Take part in my Budget Poll
HERE. It will remain open until midnight on Tuesday and I will publish the results on Wednesday morning.
11 comments:
Iain, I know it's late and my faculties aren't at their peak, but I can't seem to find R.A. Butler in any of your lists. Surely this is a major oversight on your part? Didn't you feel he was worthy of inclusion in your list?
The alcopops were the most interesting part.
Well thanks Iain; its not even 9am and already I feel bad. I voted for Gordon Brown as the best Labour Chancellor! Not that I think he was any good its just best of a bad bunch! Think I need to have a good shower now; feel so dirty.
Roy Jenkins was an extremely strong chancellor. Some of the 80s Tories were quite good. But the all-time pinnacle of the chancellors must be Gladstone. He represented Liberal responsibility and good management against Tory profligacy and recklessness.
I voted for Brown as the worst chancellor since the war. Every other chancellor has been dealt a poor hand that either forced them to bluff or fold, but to have been dealt an excellent hand and turn it into a losing one of monumental financial cost takes some doing.
I was wanting to vote for Alan Curbishley as the worst manager in the Premiership, but then I realised I had landed on the wrong blog.
Sorry Iain.
asquith said...
"the all-time pinnacle of the chancellors must be Gladstone."
I think he was a bit before 1945.
I'm sure this desire to list everything in order can't be healthy. Why don't you take up train spotting?
Clarke dealt a terrible hand to Brown, and then was all over the press telling anyone who'd listen that he would never have stuck to his own fiscal tightening plans in 1998-2000!
The "golden legacy" is a myth. We had political interference re interest rates and appalling social division. Brown sorted that out, made the City a very easy place to make money, and deserves to go down as the best Chancellor we ever had.

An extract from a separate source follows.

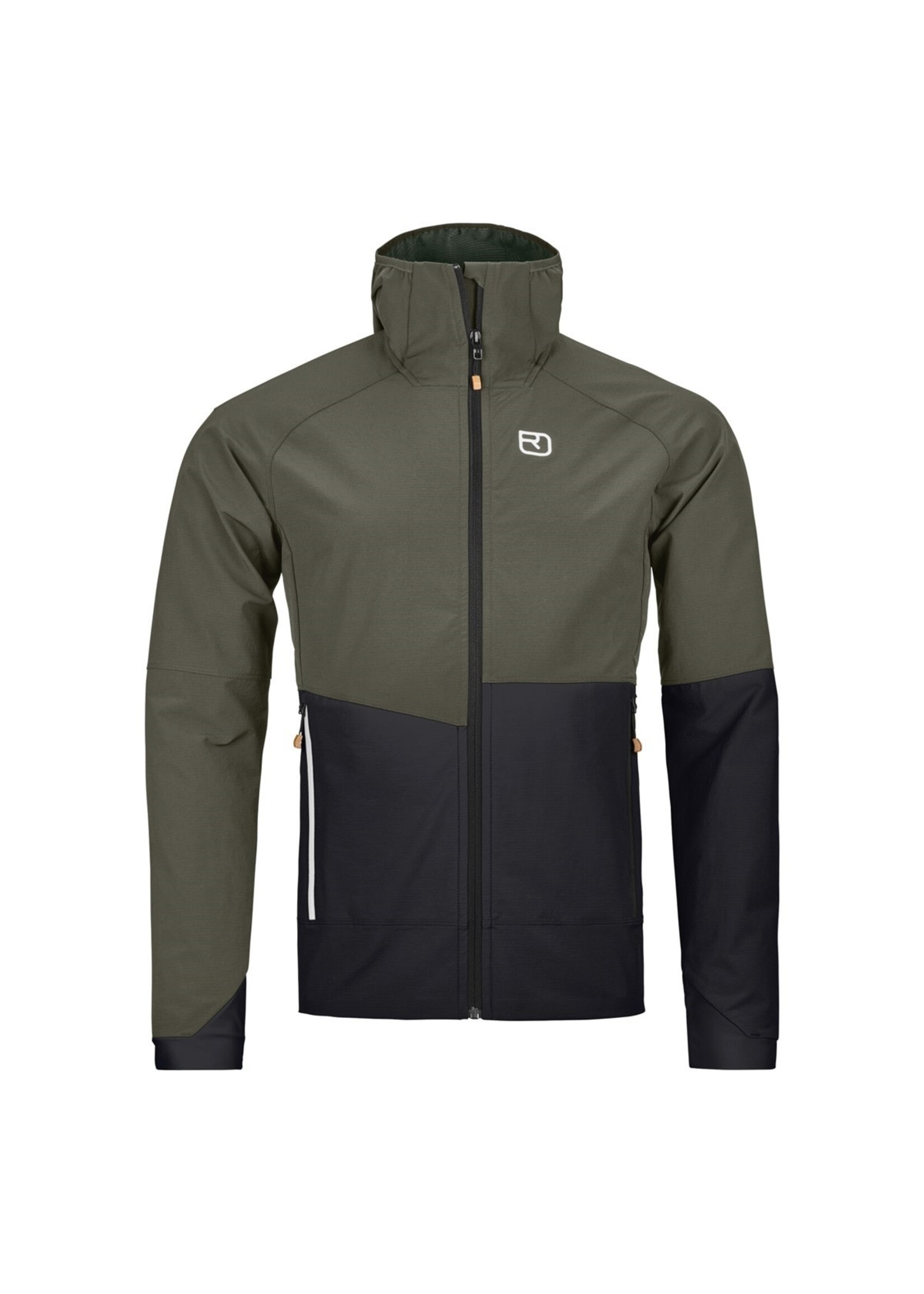 Ortovox Manteau en softshell Ortovox Punta Berrino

What about Sir Hugh Dalton 1945-47 . Had to cope with the post second world war near bankrupt Britain and had the decency to resign after making an off the cuff remark re gilt issuance immediately prior to the budget speech
compare that to the continual leaking and "trailing " of news of the budget changes which goes on all the time since the coming of the Corrupt Slimeball to power in 1997
which is now considered normal .
Dalton was Labour too but it might as well have been a different party --
I would nominate Kenneth Clarke as a top Chancellor. He brought the economy back on its feet and the credit for his achievement all seemed to be stolen by Gordon Brown.